══ PROVIDED RECORDS ══

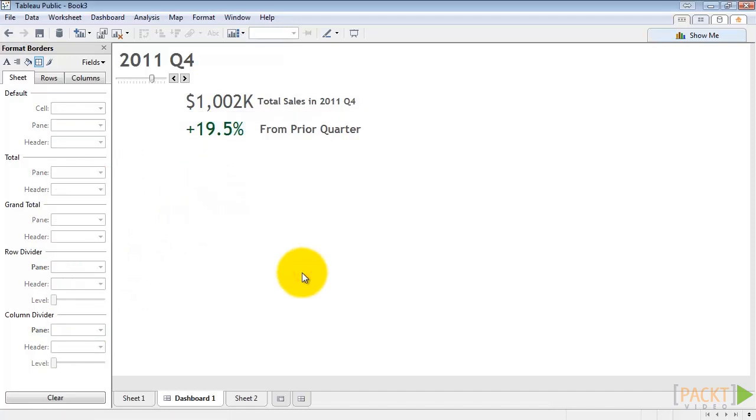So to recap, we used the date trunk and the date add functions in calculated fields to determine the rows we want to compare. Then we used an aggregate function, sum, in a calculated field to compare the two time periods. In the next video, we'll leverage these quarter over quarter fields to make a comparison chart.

═══
══ PROVIDED RECORDS ══

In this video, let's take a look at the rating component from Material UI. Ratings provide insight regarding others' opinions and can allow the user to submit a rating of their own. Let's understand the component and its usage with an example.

═══
══ PROVIDED RECORDS ══

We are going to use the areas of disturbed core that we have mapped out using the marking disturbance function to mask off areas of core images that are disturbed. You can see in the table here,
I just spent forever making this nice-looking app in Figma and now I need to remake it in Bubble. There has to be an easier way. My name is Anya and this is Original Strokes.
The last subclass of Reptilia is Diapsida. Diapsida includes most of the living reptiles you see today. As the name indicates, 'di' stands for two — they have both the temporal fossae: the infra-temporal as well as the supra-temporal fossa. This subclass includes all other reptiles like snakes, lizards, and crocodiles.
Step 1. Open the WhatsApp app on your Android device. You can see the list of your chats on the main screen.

═══

● REQUIRED WORK: Set down exactly the lines of the data above, beginning with the line that has "The last subclass" and ending with the line that has "Step 1. Open", and no others.

● RESULT:
The last subclass of Reptilia is Diapsida. Diapsida includes most of the living reptiles you see today. As the name indicates, 'di' stands for two — they have both the temporal fossae: the infra-temporal as well as the supra-temporal fossa. This subclass includes all other reptiles like snakes, lizards, and crocodiles.
Step 1. Open the WhatsApp app on your Android device. You can see the list of your chats on the main screen.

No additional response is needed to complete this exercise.